Walter Roberson 2022-11-30

在 MATLAB Online 中打开

The below code takes several hours to run, mostly the last step. The function handle it produces starts with

@(f)exp(-3.96e+2./5.0).*integral(@(f2)integral(@(f1)exp(3.96e+2./5.0).*1.804851387845415e-35.*(

with the nested calls to integral(). It contains quite a number of very large coefficients beyond 1e250.

The portion I looked at did not have any calls to real() or imag() -- but I can only see a small portion because it is such a long expression.

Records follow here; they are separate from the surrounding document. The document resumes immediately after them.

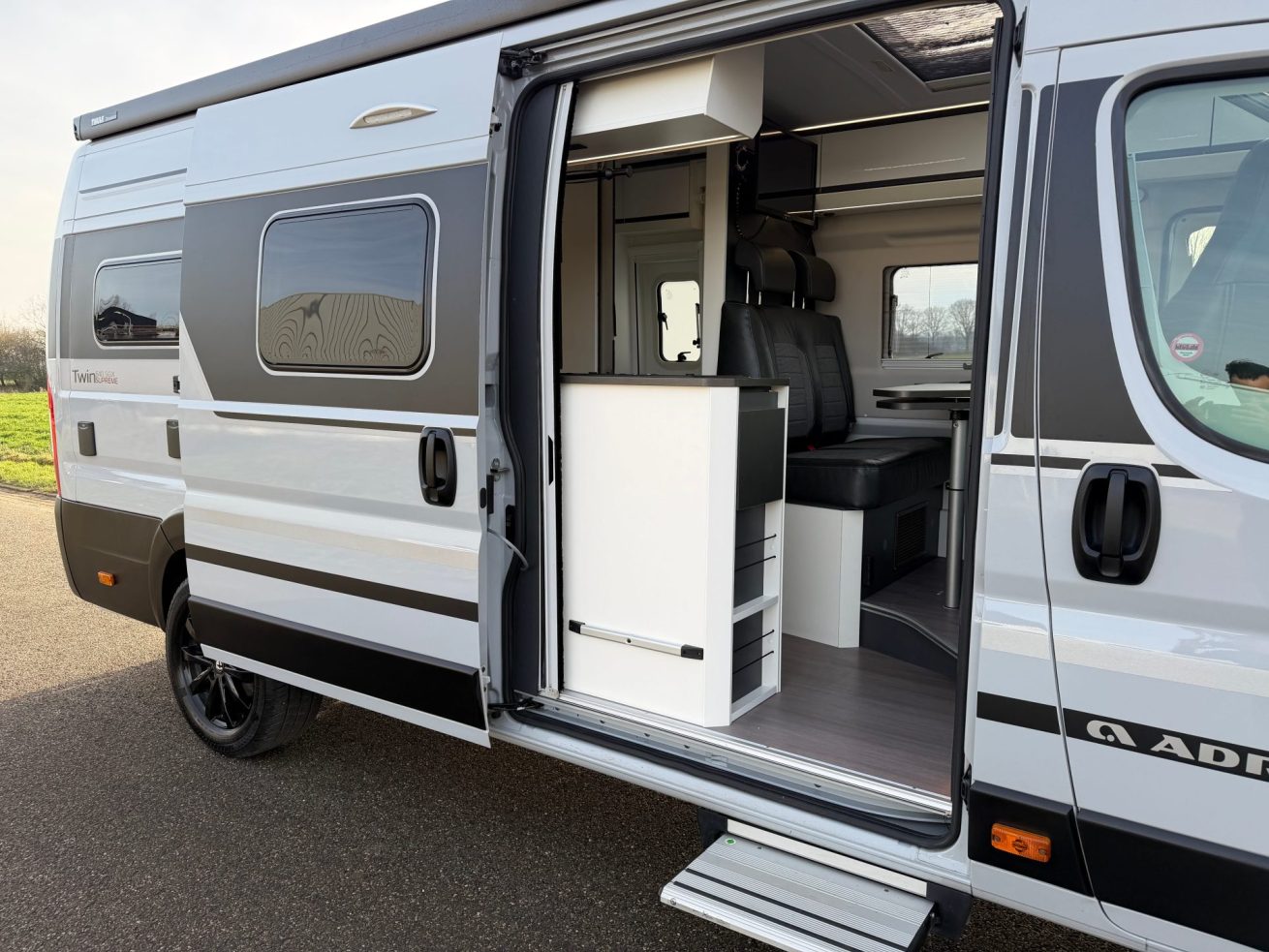 Adria Twin Supreme (3)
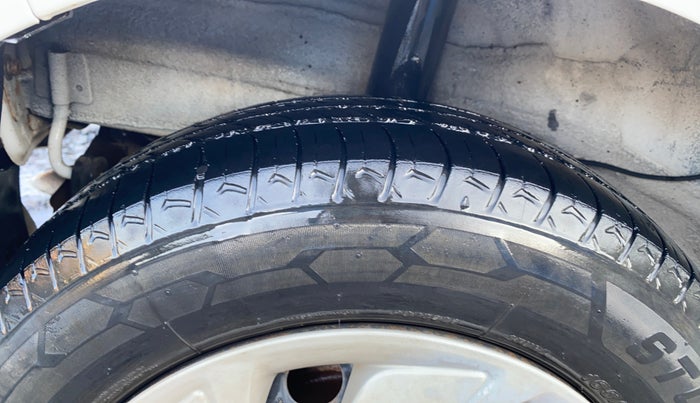 2019 Hyundai NEW SANTRO SPORTZ CNG, CNG, Manual, 60,561 km, Right Rear Tyre Tread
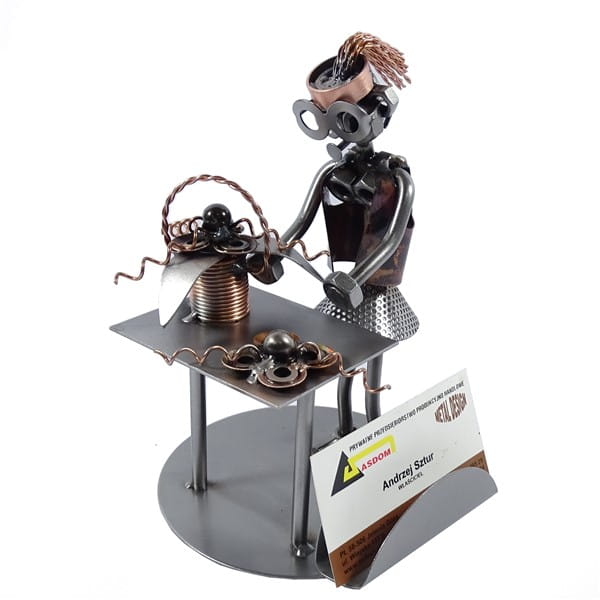 Magnetyczny stojak na wizytówki na figurce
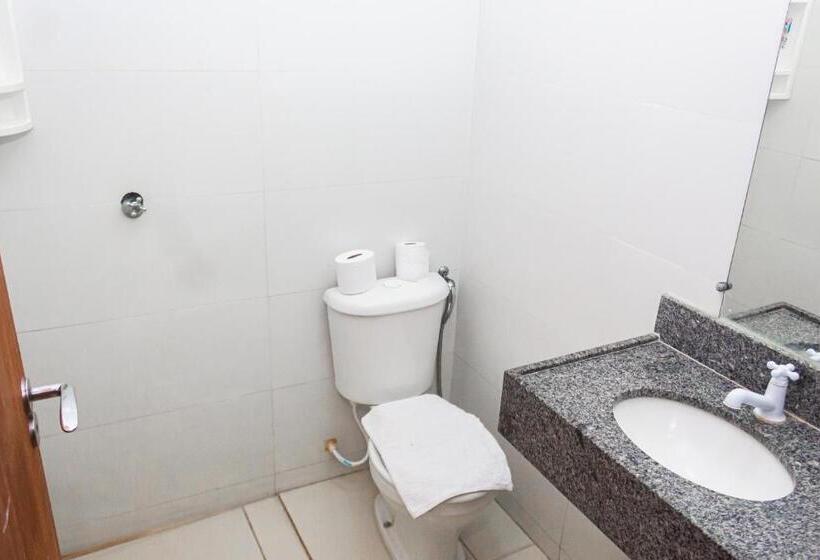 غرفة عائلية, Grandville Iii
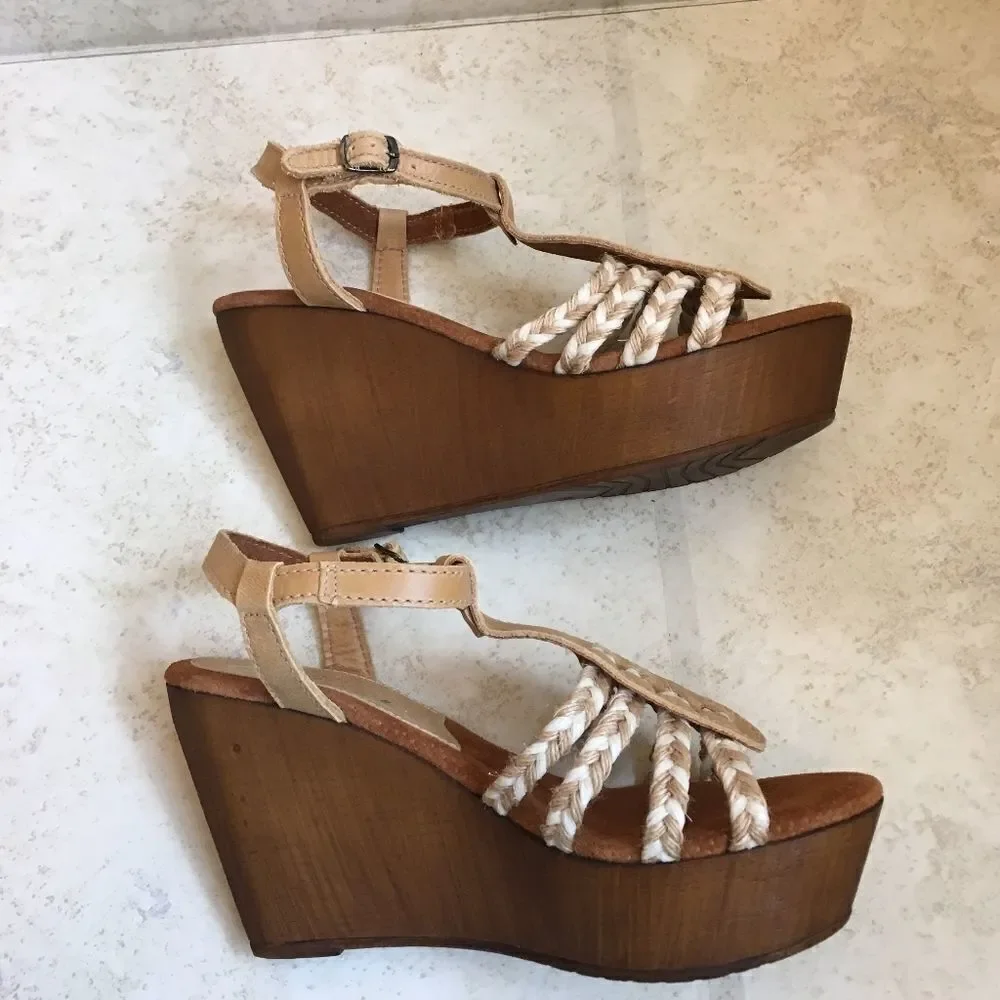 ‎NEW WITHOUT TAGS SBICCA VINTAGE COLL PLATFORM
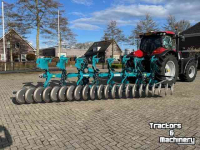 Charrues Kramer Eco ploeg met vorendrukker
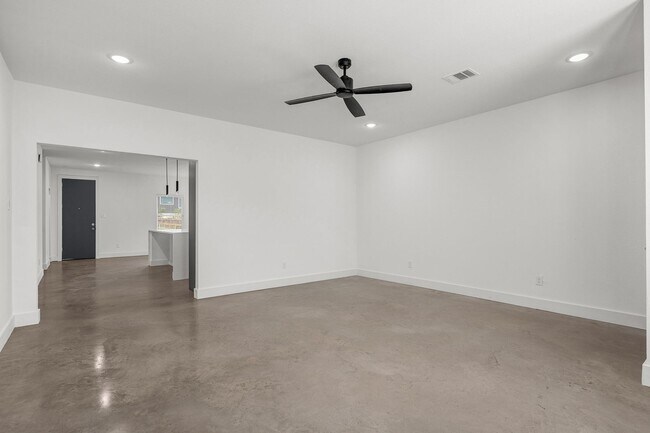 Foto del edificio - 3010 Alpha Wolf Ct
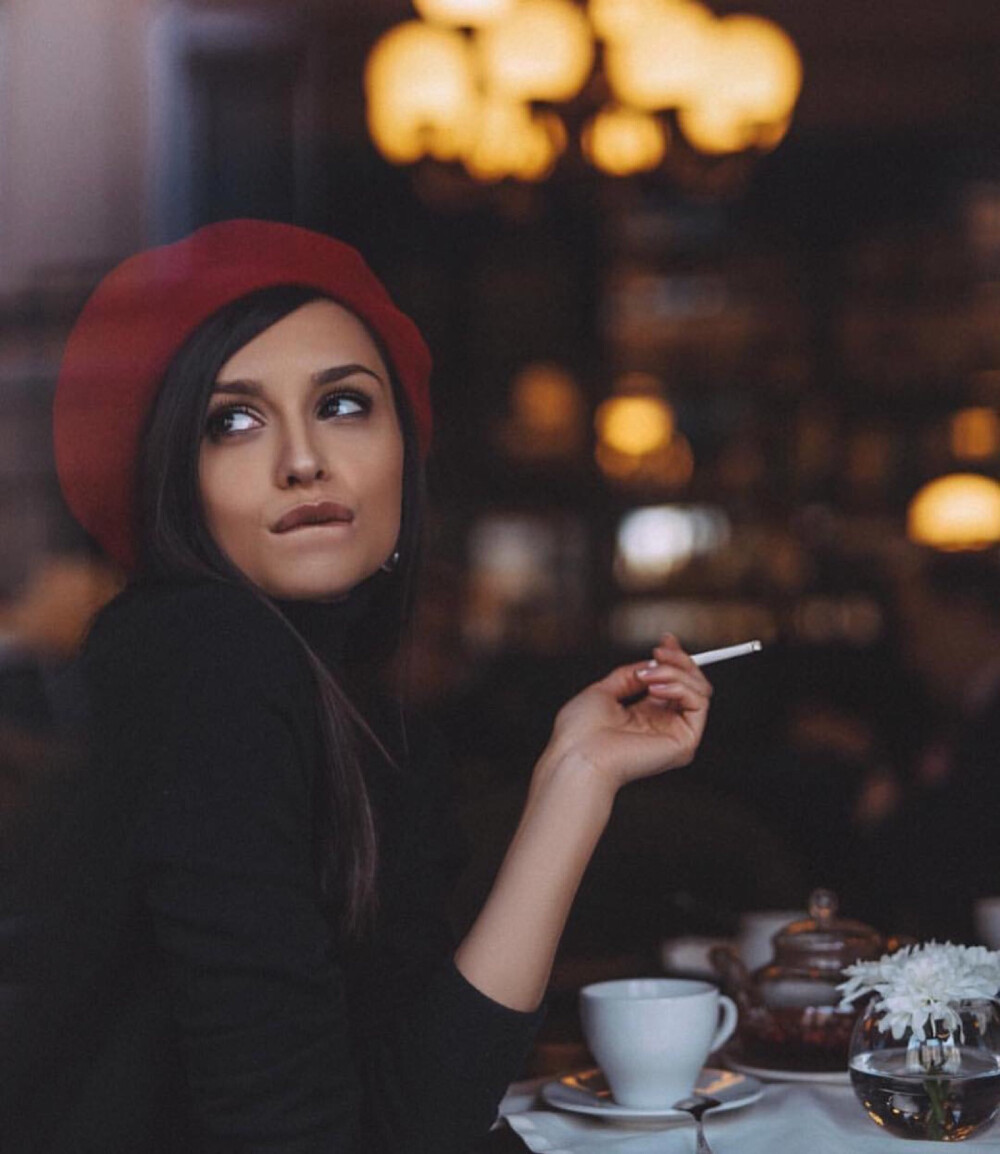 BY爱喝可乐的古娜小姐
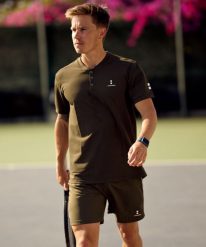 Koszulka Polo Męska Excellence. Zielone koszulki polo męskie NORDICDOTS, m, bez wzorów, z materiału, bez ramiączek. Za 275.00 zł.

If you do take this approach I recommend that you use the 'file' option for matlabFunction, and that you specifically ask for optimization to be false when you use the 'file' option (optimization has been producing incorrect results in recent MATLAB releases; I do not know if it is fixed in R2022b.)

This all gives you a NLI as a symbolic expression in f, and gives you NLIF as function handle to process values of f numerically. It is not a closed-form formula: you are unlikely to get a closed form formula unless you do something like taylor series (keeping in mind that taylr series of an exponential is pretty inaccurate unless you restrict the range of inputs a fair bit.)

alfa = 0.2;      %field loss coefficient α
gamma = 1.3;       % fiber non-linearity coefficient　γ
Ns = 20;        %number of span
Ls = 100;       %span length         
beta2 = 20.7;     %dispersion coefficient
PI = sym(pi);
syms z f f1 f2
assume(z>0);
Le = (abs((int(exp(2*alfa-2*alfa*z),z,0,Ls))))^2;
assume(f,'real');   
assume(f1,'real');  
assume(f2,'real'); 
Le = ((int(exp(2*alfa-2*alfa*z),z,0,Ls)))^2;
p = (int(exp(1j*4*pi^2*(f1-f)*(f2-f)*beta2*z)*exp(2*z*(1-alfa)),z,0,Ls))^2;
p = real(p)^2*imag(p)^2;
p = expand(p)/Le;
%% formula of GNLI
%%p = matlabFunction(p);
pint1 = int(p,f1,-0.5,0.5); %integration about f1
pint2 = int(pint1,f2,-0.5,0.5); %integration about f2
NLI = (16/27)*gamma^2*Le*pint2; % NLI of 1span
NLIF = matlabFunction(NLI);